The research reviewed the legal framework of data protection and cybersecurity, and identified the key restrictions on free data flow among the three jurisdictions in China, Hong Kong and Macau. China has the tightest restriction whereas Hong Kong has no legal restriction on data flow.
Enacted since 2017, China’s Cyber Security Law has set out the fundamental rules regarding cross-border data flow in China. Yet, according to Lei Chen (pictured, right), associate dean & associate professor, School of Law at the CityU, the Law needs further clarifications.
“Key terms such as ‘important data’ and ‘Critical Information Infrastructure’ need to be clarified and defined to facilitate further discussion on cross-border data flow,” Chen said.
In Hong Kong, its data protection law focuses on the protection of privacy and security of personal data. To date, there is no legal or regulatory restriction on cross-border transfer of data to and from the city. It is in a good position to be a data hub for the GBA as a pilot, according to the research.
“Hong Kong has been actively participated in international agreements about cross-border data transfer,” said Chen. “Coupled with Hong Kong’s international positioning and robust legal framework, all these factors put the city in the forerun as the ideal location for being the data center hub for the GBA, and potentially for the entire China in the long run.”
Step-by-step pilot scheme
The research recommends a step-by-step pilot approach, which harmonizes the policies, regimes, and technical aspects related to data transfer within the GBA.
A special task force group is recommended to coordinate the legal institutions and government agencies in Guangdong, Hong Kong, and Macau.
“I think the Hong Kong government can take the lead in lobbying the governments in China and Macau to sit together for discussion,” said Chen.

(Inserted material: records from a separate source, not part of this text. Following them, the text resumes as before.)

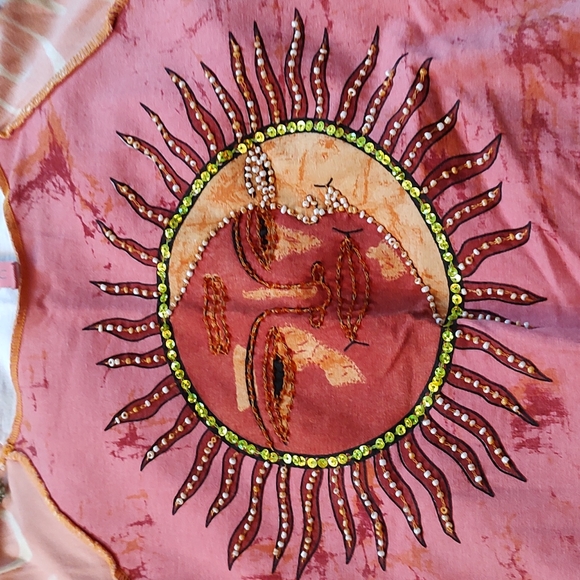 One of a kind Boho Yoga festival soft Cotton shirt Orange. Med - Picture 2 of 8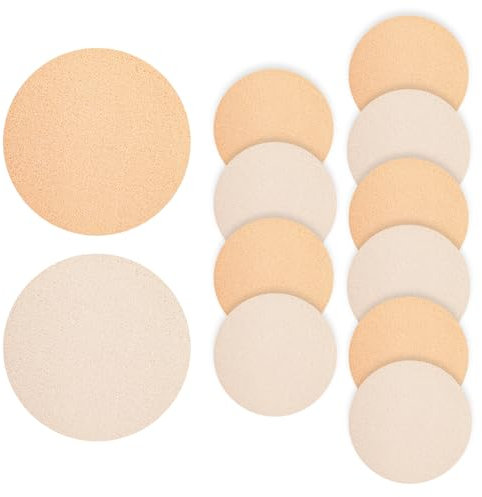 14PCS rotonde spugnette trucco make up, spugnetta fondotinta,beauty blender make up,makeup sponge,spugnette viso pulizia,per il trucco degli occhi e il fondotinta,puff cipria (Rosa + Bianco)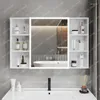 Badkamer Wastafel Kranen Slimme Spiegelkast Wandmontage Organizer Beauty Dressing Alumimum Anti-Fog Verlichting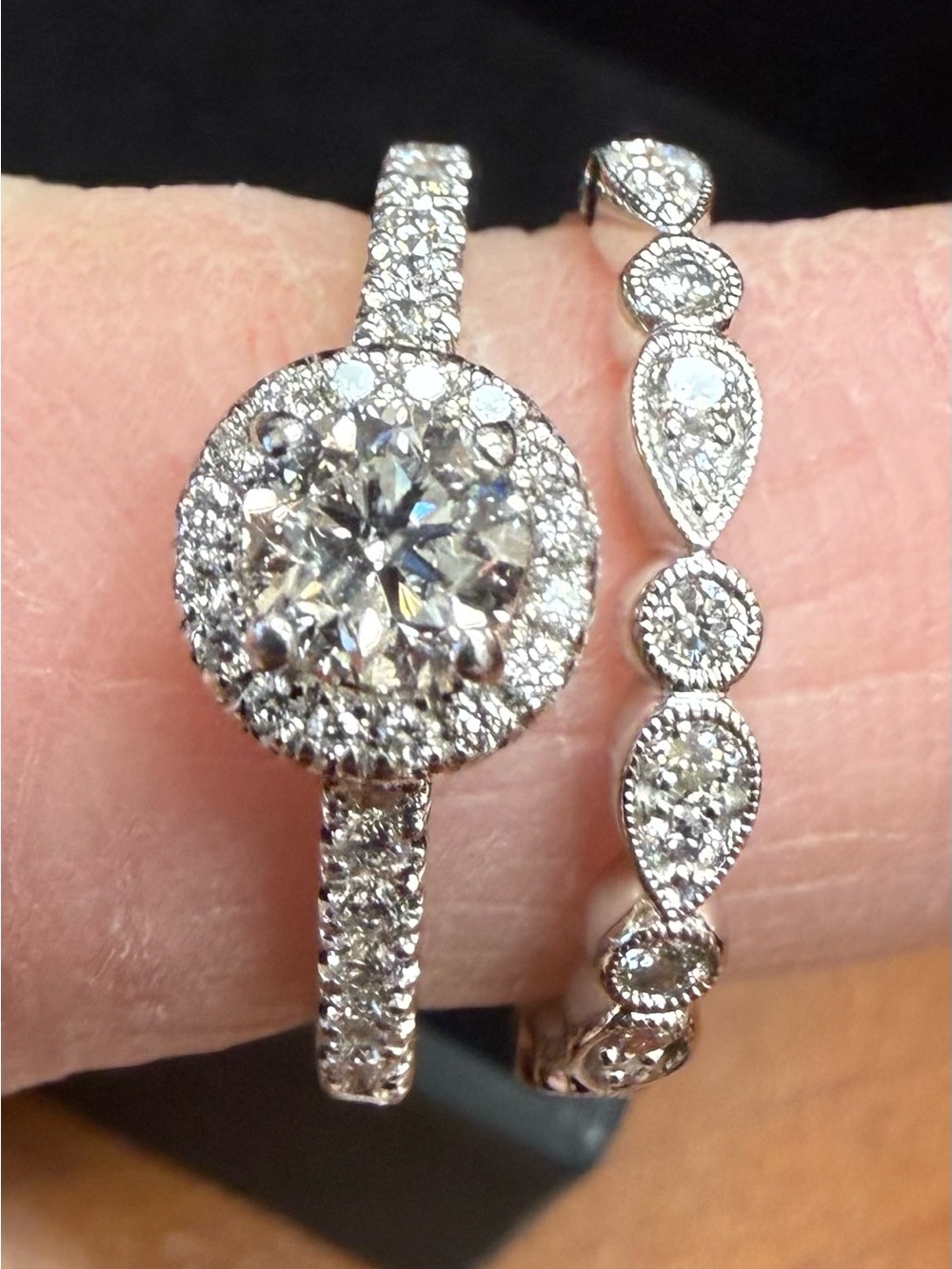 NATURAL Diamonds Engagement Ring and Wedding Band GORGEOUS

In addition, the research recommends the establishment of a “white list” or a “negative list” for data flow. The “white list” permits certain categories of data to enter and exit in certain circumstances, while the “negative list” is able to ascertain the scope of data that are not allowed to be transferred freely. The ‘white list’ can be started with less sensitive or critical data such as open data and data not subject to legal or regulatory restrictions.

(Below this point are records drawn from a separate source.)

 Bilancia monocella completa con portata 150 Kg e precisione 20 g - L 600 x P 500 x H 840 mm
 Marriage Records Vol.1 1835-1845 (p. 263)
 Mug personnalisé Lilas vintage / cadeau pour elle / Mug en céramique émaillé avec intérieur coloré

“Members of the special task force can discuss the white list or negative list together,” said Allen Yeung (pictured, left), founding chairman of the Institute of Big Data Governance (IBDG)
Yeung suggested elevating Hong Kong’s data governance to an international standard. It will then make the city a trusted location for cross-border data flow while facilitating innovation and technology progress.
“If you do well in terms of data protection in your own homeland, it gives yourself much credibility and builds the trust for other jurisdictions to allow data to come in and out,” he said.
Formed by a group of entrepreneurs and tech companies, the IBDG has a vision to turn Hong Kong into a global data hub. Yeung said the institute is working on some self-regulatory guiding principles related to data leakage such as the number of hours organizations have to inform data owners in the case of personal data breaches.
As the council member of the IBDG, Microsoft sees technology a key to unleash the true potential of the GBA.
“Data analytics is the means to get competitive advantages for businesses, governments as well as for R&D within the GBA,” said Cally Chan, general manager at Microsoft Hong Kong and Macau. “All sectors can be benefited from Hong Kong as a data hub.”